What struck me most powerfully was the way in which folktales, which were originally very scatalogical and "earthy" were modified and re-written to become not only cautionary tales, but also tales to "improve the moral standing" of children. That particular emphasis was put on breaking the spirit of the child - the earlier the better - in order to make them malleable and manageable I found particularly interesting (and appalling.) Given the early stages of industrialization when many of these tales were put to print, this makes sense. Tartar doesn't go far enough, I think, in drawing the parallel that these ideas remain in some parenting books and in the way in which some children are instructed even today.

A fascinating read, and one which I strongly recommend, particularly to those who have children or teach.

SOME RATHER GRIM BUT IMPORTANT READING HERE.5
I absolutely despise the term "a must read" but I almost have to use it in this case for anyone engaged in the study and understanding of fairy tales or folk lore, and the impact these tales have had upon our society through the years. This is probably one of the most readable and insightful works on the subject I've had the pleasure of reading and I learned much. As with any such work, the reader needs to combine the information found between the covers of this book and compare it with other works of this ilk and the own readers knowledge and common sense. That being said....

Mara Tatar, of whom I am a big fan, has broken this work down into chapters, each covering ad different aspect of the traditional fair tale. These various subjects include Rewritten by Adults: The Inscription of Children's Literature, Teaching Them A Lesson: The Pedagogy of Fear in Fairy Tales, Just Desserts: Reward-and-Punishment Tales, Wilhelm Grimm/Maurice Sendak: Dear Mili and the Art of Dying Happily Ever After, Daughters of Eve: Fair Tale Heroines and their Seven Sins, Tyranny at Home: "Catskin" and "Cinderella," Beauties and Beasts: From Blind Obedience to Love at First Sight, "As Sweet as Love": Violence and the Fulfillment of Wishes, Table Matters: Cannibalism and Oral Greed, Telling Differences: Parents vs. Children in "The Juniper Tree," and Reinvention through Intervention.

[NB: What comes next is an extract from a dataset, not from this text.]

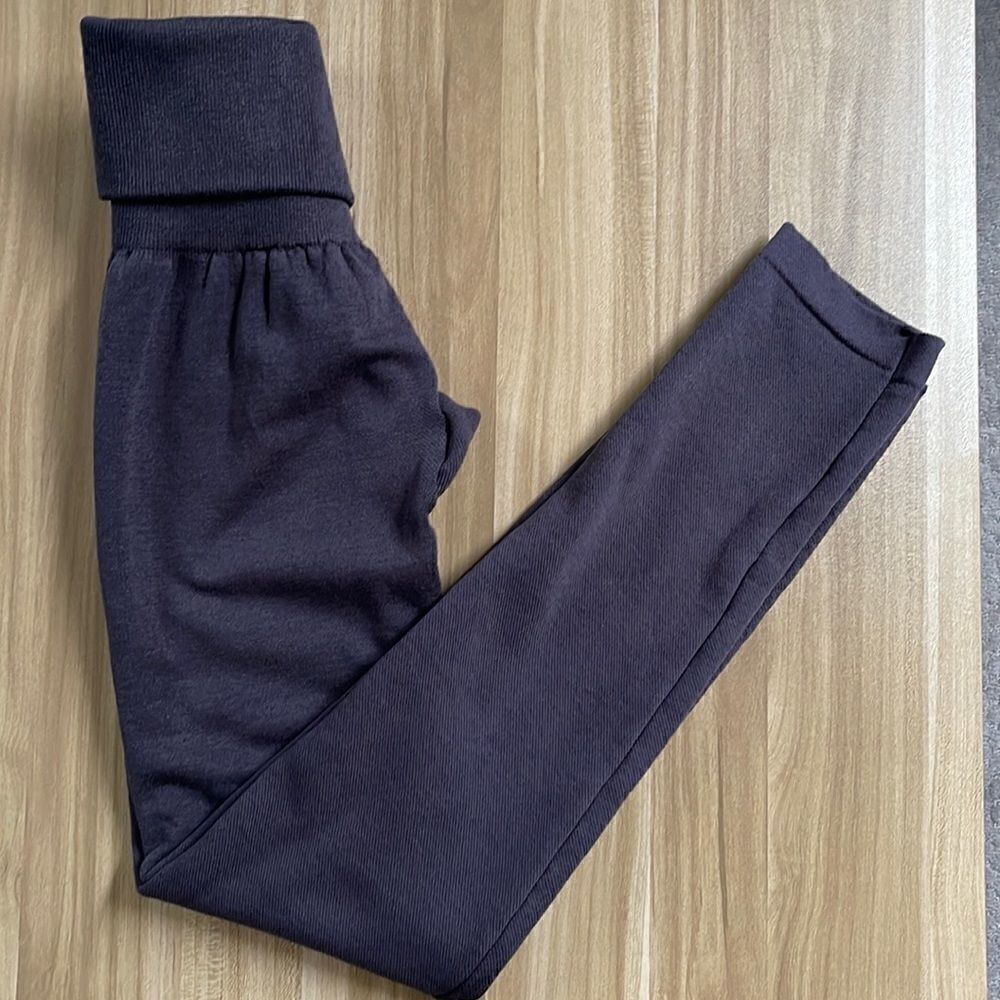 Yelete leg wear. Very High waisted leggings. One size. Grey.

Each subject chapter is interlock with the others and there are frequent footnotes and cross references. It is noted that the general flavor of this work leans towards feminism and the use of the fairy tale to either control or encourage the female child. It also leans heavily toward the psychological significance of each of the tales covered both from a current perspective and the past. The author has done a wonderful bit of research in bringing us the origin of these tales, their purposes and their uses over the years. Emphasis has been placed upon the difference of the oral telling of these tales and that of what finally came into print. The text also gives us a good look at the evolution of these tales down through the years, from culture to culture, from era to era.

I was particularly glad to read the section devoted to violence and fulfillment of wishes and its addressing the cruelty to not only people, but that of animals. Between this and the sections dealing with sexual matters (which by the way, there were many), the reader must be prepared for some very grim reading. At the same time, the reader needs to constantly remind themselves when and for whom these stories were written for and what their original intent was. The historical period in all of these stories is quite important.

Ms. Tartar has approached her subject with great taste and high standards of literacy. You actually learn something from reading this work. Some may not agree with her premises all of the time, but I personally would have no qualms in defending a vast majority of her opinions.

Again, this is a work that should be read with others and comparisons made, but those who have an interest in this subject should certainly place it toward the top of their reading list.